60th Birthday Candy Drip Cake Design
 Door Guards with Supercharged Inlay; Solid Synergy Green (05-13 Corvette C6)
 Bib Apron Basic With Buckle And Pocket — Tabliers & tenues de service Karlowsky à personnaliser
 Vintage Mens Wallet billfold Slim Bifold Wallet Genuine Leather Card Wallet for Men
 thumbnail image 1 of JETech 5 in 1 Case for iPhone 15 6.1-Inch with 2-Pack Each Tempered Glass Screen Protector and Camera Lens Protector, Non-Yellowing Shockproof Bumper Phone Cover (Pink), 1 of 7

> **WORK TO BE COMPLETED**
What is needed is an exact copy of the lines from the one holding "Bib Apron Basic" through the final line of the material.

> **THE COMPLETED TASK**
 Bib Apron Basic With Buckle And Pocket — Tabliers & tenues de service Karlowsky à personnaliser
 Vintage Mens Wallet billfold Slim Bifold Wallet Genuine Leather Card Wallet for Men
 thumbnail image 1 of JETech 5 in 1 Case for iPhone 15 6.1-Inch with 2-Pack Each Tempered Glass Screen Protector and Camera Lens Protector, Non-Yellowing Shockproof Bumper Phone Cover (Pink), 1 of 7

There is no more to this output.